Principles vs Tribes
It is not a "principle" if you only adhere to it when you benefit from doing so.
Tribalism is innate, and it exists for a reason. Social trust has been shown to correlate strongly with prosperity, and the simplest mechanism for achieving social trust is preference for family or otherwise closely-related people. Given “survival of the fittest”, tribalism improves fitness. People with shared upbringings or values can reasonably expect each other to act in ways that are congruent with group well-being.
Thousands of years of tribalism-focused societies saw relatively slow improvements in technology and wealth. Then came an explosion of something different: Societies that not tribal affiliations or ethnostates, but rather, were founded on principles. The United States, with its Constitution, is the most prominent example. A principle is a counterintuitive thing for a human being; it requires him to prefer members of the outgroup even over his own family members should his family member run afoul of the principle. In short, it is anti-tribalism.

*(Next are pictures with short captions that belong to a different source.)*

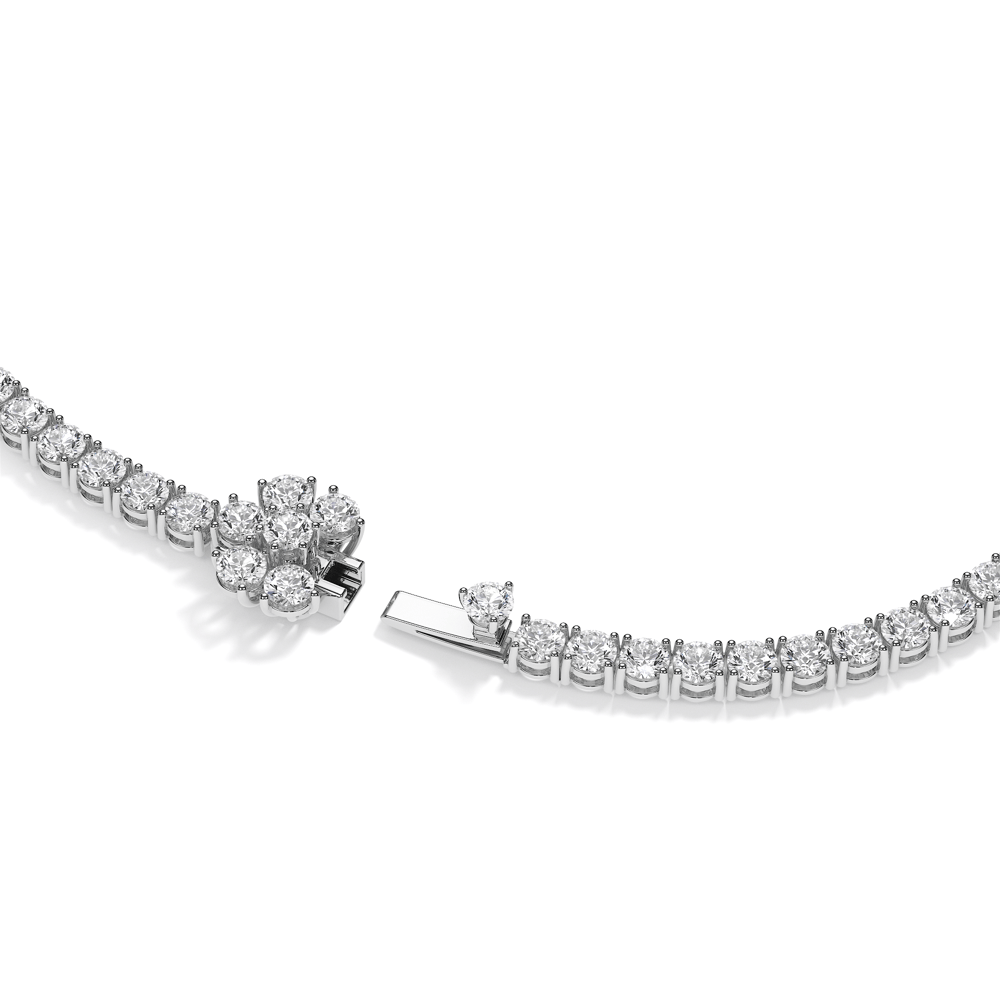 Colier Tennis, cu diamante de laborator 25.12 CT, din aur alb 18 KT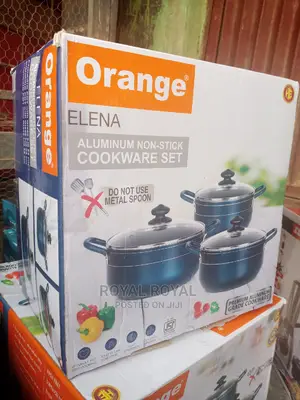 Great Quality Orange Jazz Aluminum Non-Stick Cookware Set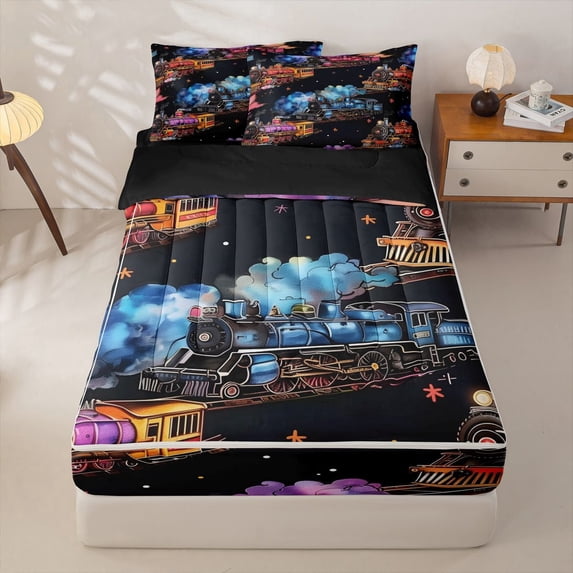 Manfei Vintage Train Zipper Twin Comforter Sets with Fitted Sheet and 2 Pillowcases,Colorful Railway Zipper Bedding Set,Black Reversible,4pcs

The elevation of principles over tribalism enabled an explosion of prosperity by creating “trust” beyond the tribe. No longer was collaboration effectively bounded by Dunbar’s number. This growth has never been set in stone, though. It will always be human nature to revert to tribalism. Moreover, much needs to be said about which principles we prefer. Not all principles are beneficial, and tribalism is preferable to bad principles.
This Substack will particularly focus on the principles that have correlated (almost certainly causally) with Western prosperity. We will define our terms and discuss their merits. Along the way, we’ll also comment on current events and their relationship with various principles, as well as the many examples of tribalism posing as principle.